So as we stand and hear the word of this messenger from heaven addressing the shepherds and telling them that the Messiah has been born, then let it be plain in our minds what is the underlying biblical idea of Messiahship. It is this, that here is a person who has come from God, who by his own suffering, his enduring of the anathema and death will establish his Messianic Kingdom. This is the most marvelous institution the world has ever seen. The people inside it are great because they are little people; they are self-effacing people; they have entered his kingdom by a work he has done in their lives so that they hang their heads and say, “God be merciful to me a sinner.” They are in the Kingdom as servants.
2. THERE IS GOOD NEWS THAT THE LORD HAS BEEN BORN.

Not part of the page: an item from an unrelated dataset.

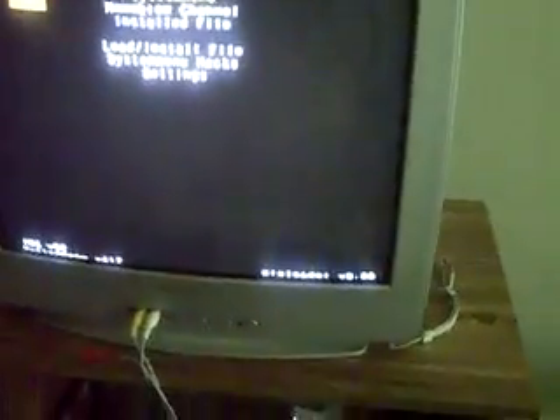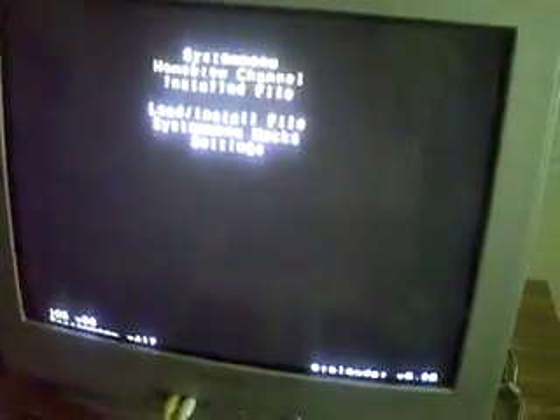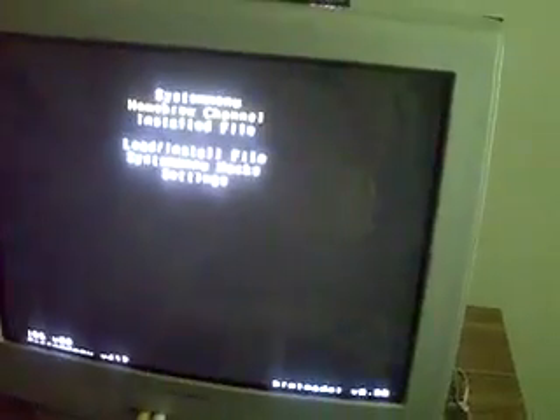I'll show you what it does. Here it goes — it opens up, and it opens up this. I can go to the homebrew channel fine, but the system menu is like broken. See, I'll show you — I open it up, and that weird thing comes up.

This baby is, Christ the ‘Lord,’ and in the underlying Greek text it is the word kurios, and there is something staggering about the use of that word in the New Testament because it looks in two directions.
i] Firstly, ‘lord’ was a word used very commonly in the secular world of the day where there were lords many in the men of influence and power who held sway. It was applied to Caesar preeminently; the divine Caesar who was lord. Caesar’s power was absolute; his prerogatives were unchallengeable, his rights and entitlements were beyond question. Men had to bow their knees before him; they were expected to come to him with their eyes downcast; they had to make obeisance and worship him implicitly because Caesar was lord.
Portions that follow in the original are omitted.